This creamy corn pasta with bacon and leek is part of my viral 5 Lunches for £5 series. It’s rich, comforting, and ready in under 35 minutes
Servings 5 Lunch boxes
Ingredients
- 500 g Frozen Sweetcorn
- 500 g Cooking Bacon Roughly chopped
- 250 g Pasta
- 300 ml Creme Fresh
- 1 Leek Washed and finely chopped
- 2 tbsp Olive Oil
- 1 tbs Garlic Granules
- Salt & Pepper
Instructions
- Preheat oven to 200°C. Pour the bacon and corn onto a foil-lined baking tray and coat with 1 tbsp olive oil, garlic granules and a pinch of salt and pepper. Roast for 25-30 minutes, stirring halfway through.
- Meanwhile, gently fry the leek with the remaining 1 tbsp of olive oil over a medium/low heat. Season with salt and pepper.
- Cook your pasta in heavily salted boiling water, setting your timer to the packet time minus 1 minute.

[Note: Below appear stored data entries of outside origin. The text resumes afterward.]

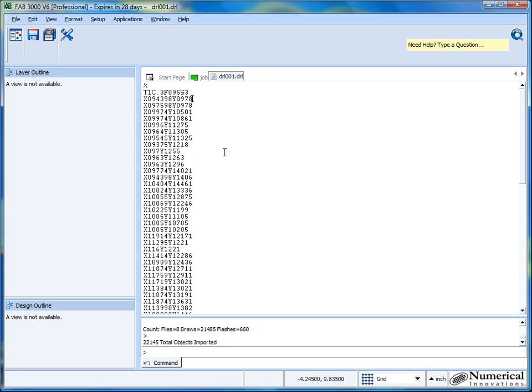So when you look at this, it's just a text file. What more does a CAM software tool or anyone else have to really go off as far as trying to determine exactly what's in this drill data?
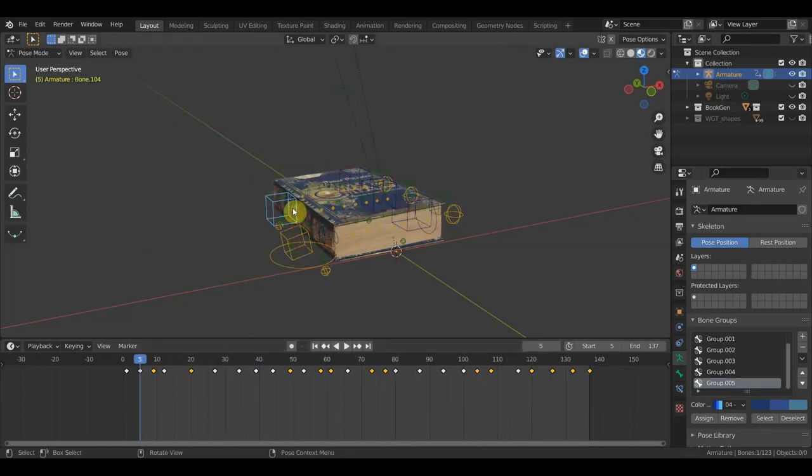И вот вопрос, как всё это дело можно закинуть в Unreal, допустим, или ещё куда-то. Не знаю, прокатит этот вариант или нет — давайте посмотрим.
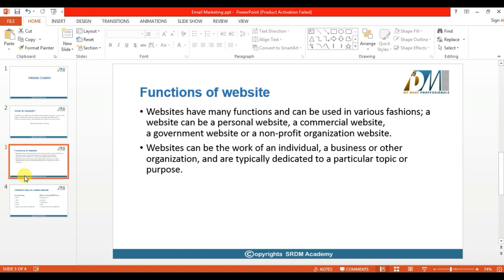For example, if you want to start an entertainment-related website, or if you want to share information about health or technology, you can design a website for those topics as well.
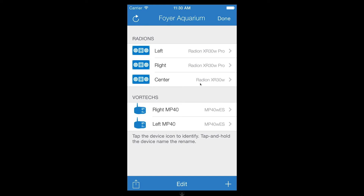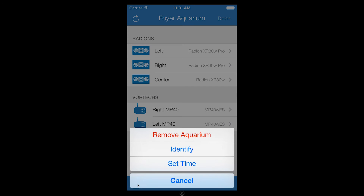The toolbar at the bottom of the screen contains an actions button, edit, and plus sign. The action button displays a menu of common actions that you can perform on an aquarium. Actions include removing the aquarium, identifying all devices in the aquarium, and setting the time on your devices to match the current time of your iOS device.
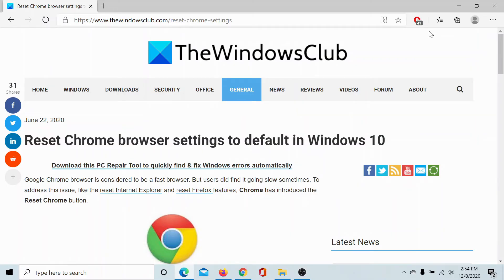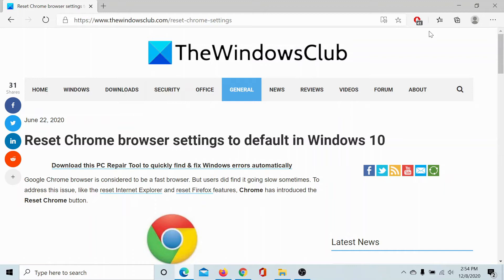Welcome to The Windows Club. If you wish to reset the Google Chrome browser settings to default in Windows 10, then either read through this article on The Windows Club or simply watch this video. We will guide you through the resolution.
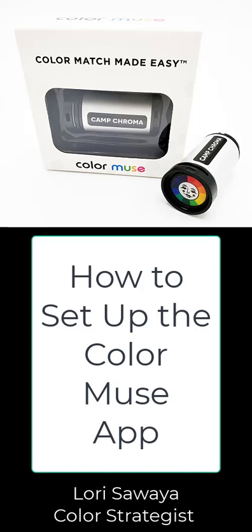In this video I'm going to walk through how to create an account in the Color Muse app. My name is Laurie Sawaya. I'm a color strategist and expert and we include a Color Muse in every course kit for our online color training program called Camp Chroma. So let's get started.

- After around 8 minutes, the leeks will have softened. Add the creme fraiche at this stage and heat through. Then add 200ml of starchy pasta water.
- Add the pasta, 2/3 of the crispy bacon and corn and stir to combine. Loosen with more pasta water if necessary.
- Divide into meal prep containers and top with the remaining corn/bacon. Finish with fresh chives and a crack of black pepper.